I don't know what to do about the Moinmoin Wiki on python.org. Lots of useful information was recently moved to the Wiki, like the editors list and Andrew Kuchling's bookstore. But the Wiki brought the website down twice this weekend, by growing without bounds. To prevent this from happening again, we've disabled the Wiki, but that's not a solution. Juergen Hermann, Moinmoin's author, said he fixed a few things, but also said that Moinmoin is essentially vulnerable to "recursive wget" (e.g. someone trying to suck up the entire Wiki by following links). Apparently this is what brought the site down this weekend -- if I understand correctly, an in-memory log was growing too fast. There are a lot of links in the Wiki, e.g. for each Wiki page there's the page itself, the edit form, the history, various other actions, etc. I believe that Juergen has fixed the log-growing problem. Should we enable the Wiki again and hope for the best? --Guido van Rossum (home page: http://www.python.org/~guido/)

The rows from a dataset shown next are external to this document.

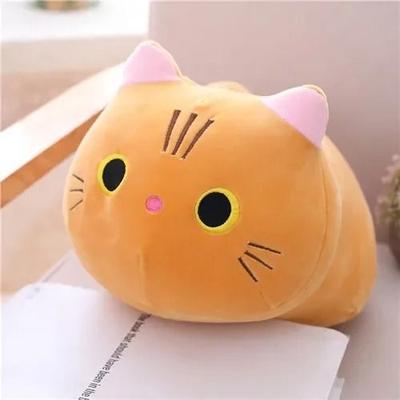Uplifted Finds Cute Soft Cat Plush Pillow 20 Cm Sofa Cushion brown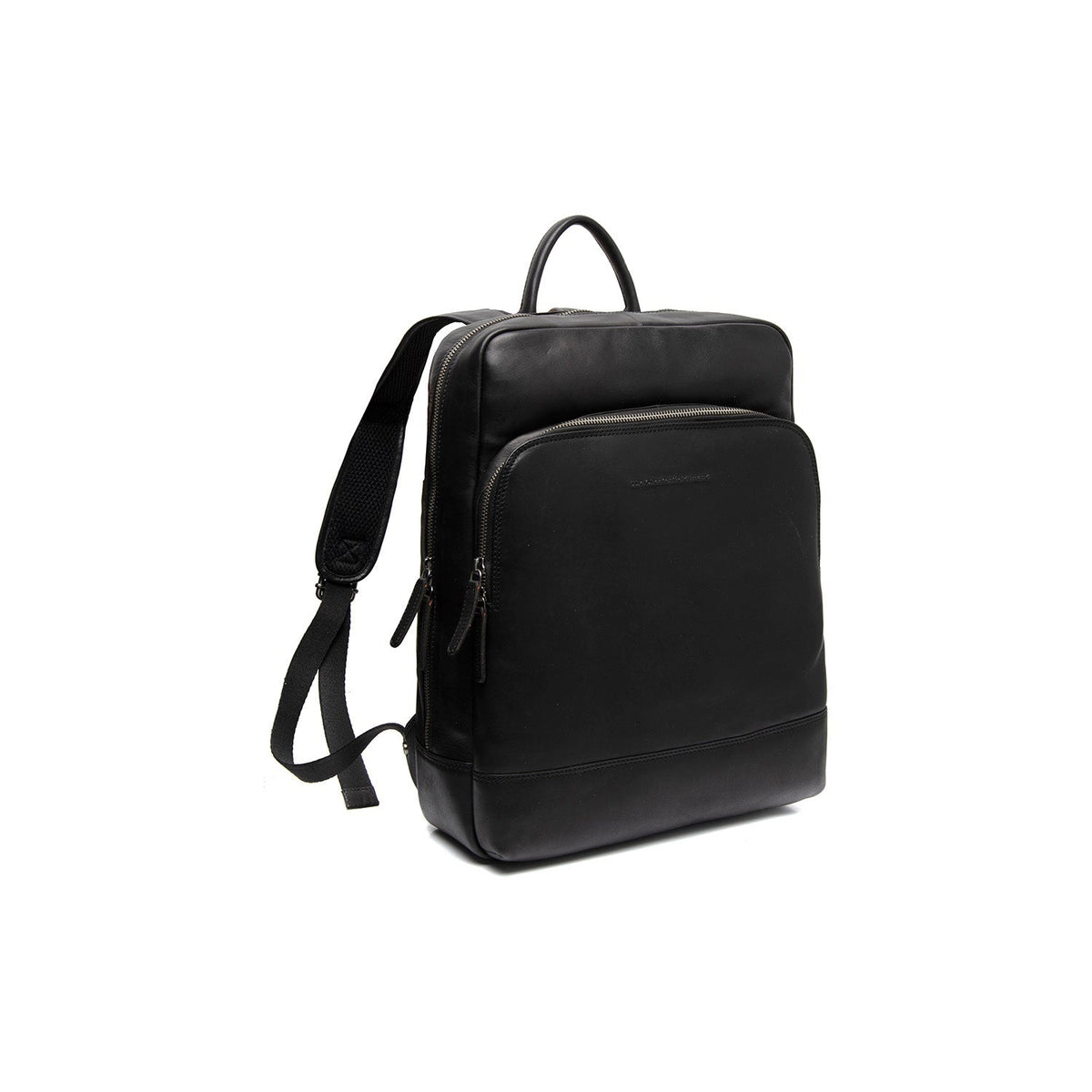 Nicola Full-Grain Leather Laptop Backpack för Dam in Classic 100% Full-Grain Leather - Full Exterior Front Profile View | Buy Online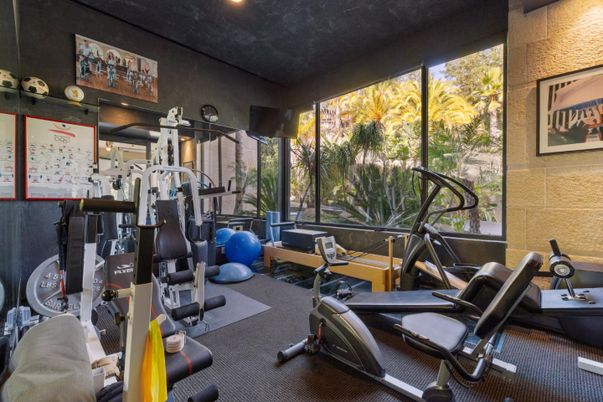 Fitness Equipment, Gym, Interior, Recessed Lighting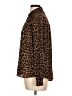 Le Bel Age 100% Polyester Animal Print Brown Long Sleeve Blouse Size M - photo 5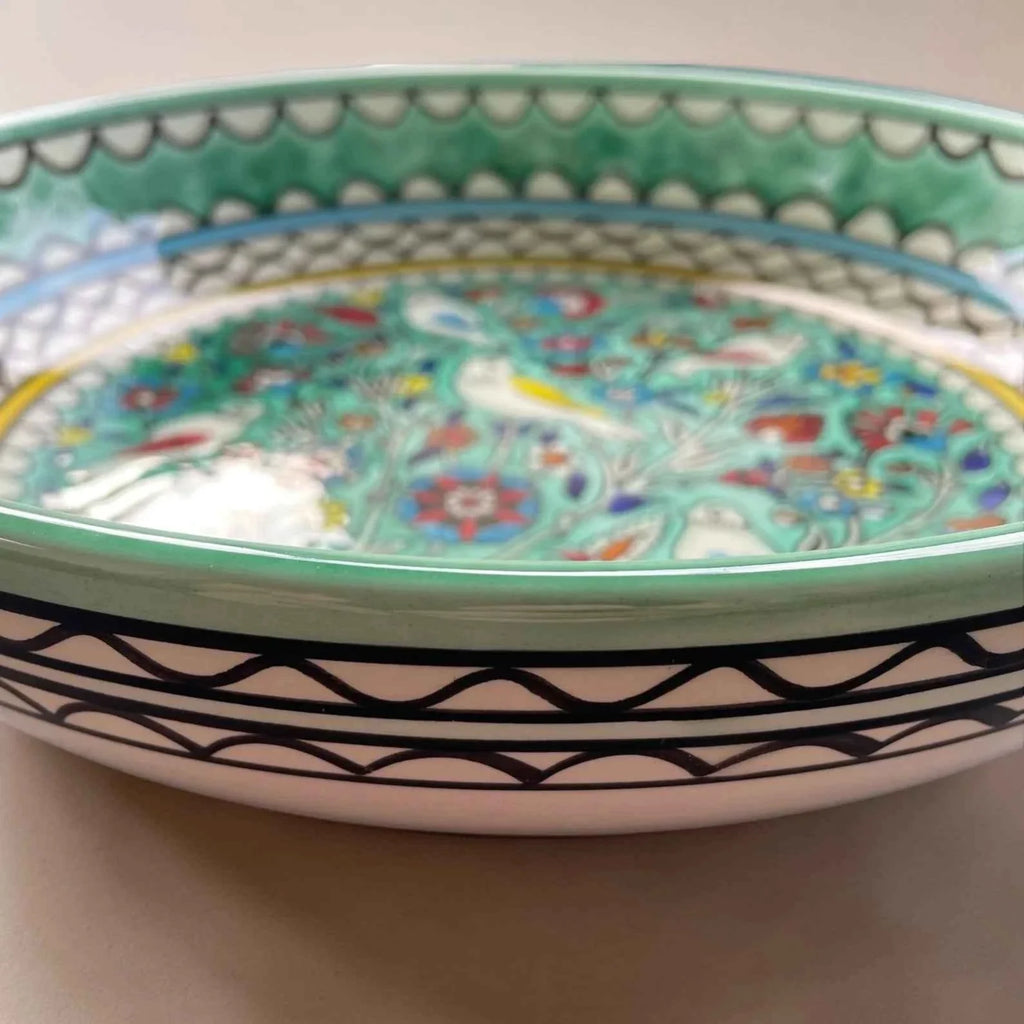 Janna Handmade Ceramic Serving Bowl – Elevate Your Dining Experience with Unique Mediterranean Charm
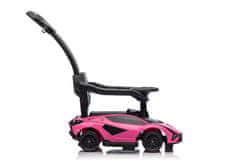 Lean-toys Odrážedlo S Pěchovadlem Lamborghini Qls-996T Růžové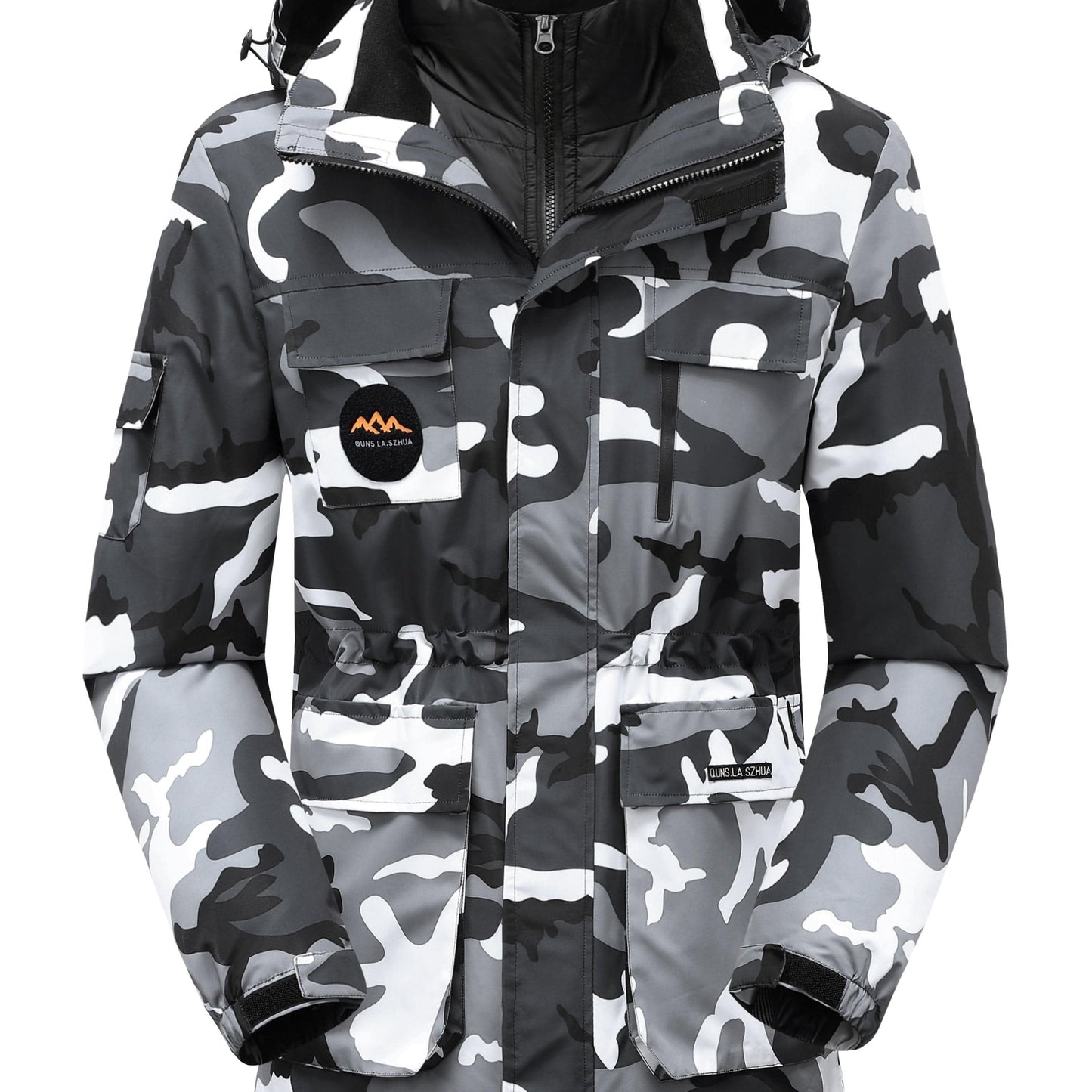 3-teiliges Winter-Set: Thermo-Windjacke + 2 abnehmbare Innenfutter (Damen/Herren) für Outdoor-Aktivitäten.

Guido> Juergen Hermann, Moinmoin's author, said he fixed a few things, Guido> but also said that Moinmoin is essentially vulnerable to Guido> "recursive wget" (e.g. someone trying to suck up the entire Wiki Guido> by following links). Apparently this is what brought the site Guido> down this weekend -- if I understand correctly, an in-memory log Guido> was growing too fast. I'm a bit confused by these statements. MoinMoin is a CGI script. I don't understand where "recursive wget" and "in-memory log" would come into play. I recently fired up two Wikis on the Mojam server. I never see any long-running process which would suggest there's an in-memory log which could grow without bound. The MoinMoin package does generate HTTP redirects, but while they might coax wget into firing off another request, it should be handled by a separate MoinMoin process on the server side. You should see the load grow significantly as the requests pour in, but shouldn't see any one MoinMoin process gobbling up all sorts of resources. Jürgen, can you elaborate on these themes a little more? Guido> I believe that Juergen has fixed the log-growing problem. Should Guido> we enable the Wiki again and hope for the best? With an XS4ALL person at the ready? Perhaps someone can keep a window open on creosote running something like while true ; do ps auxww | egrep python | sort -r -n -k 5,5 | head -1 sleep 15 done I'm running out for the next few hours. I'll be happy to run the while loop when I return. Skip
Guido> Juergen Hermann, Moinmoin's author, said he fixed a few things, Guido> but also said that Moinmoin is essentially vulnerable to Guido> "recursive wget" (e.g. someone trying to suck up the entire Wiki Guido> by following links). Apparently this is what brought the site Guido> down this weekend -- if I understand correctly, an in-memory log Guido> was growing too fast.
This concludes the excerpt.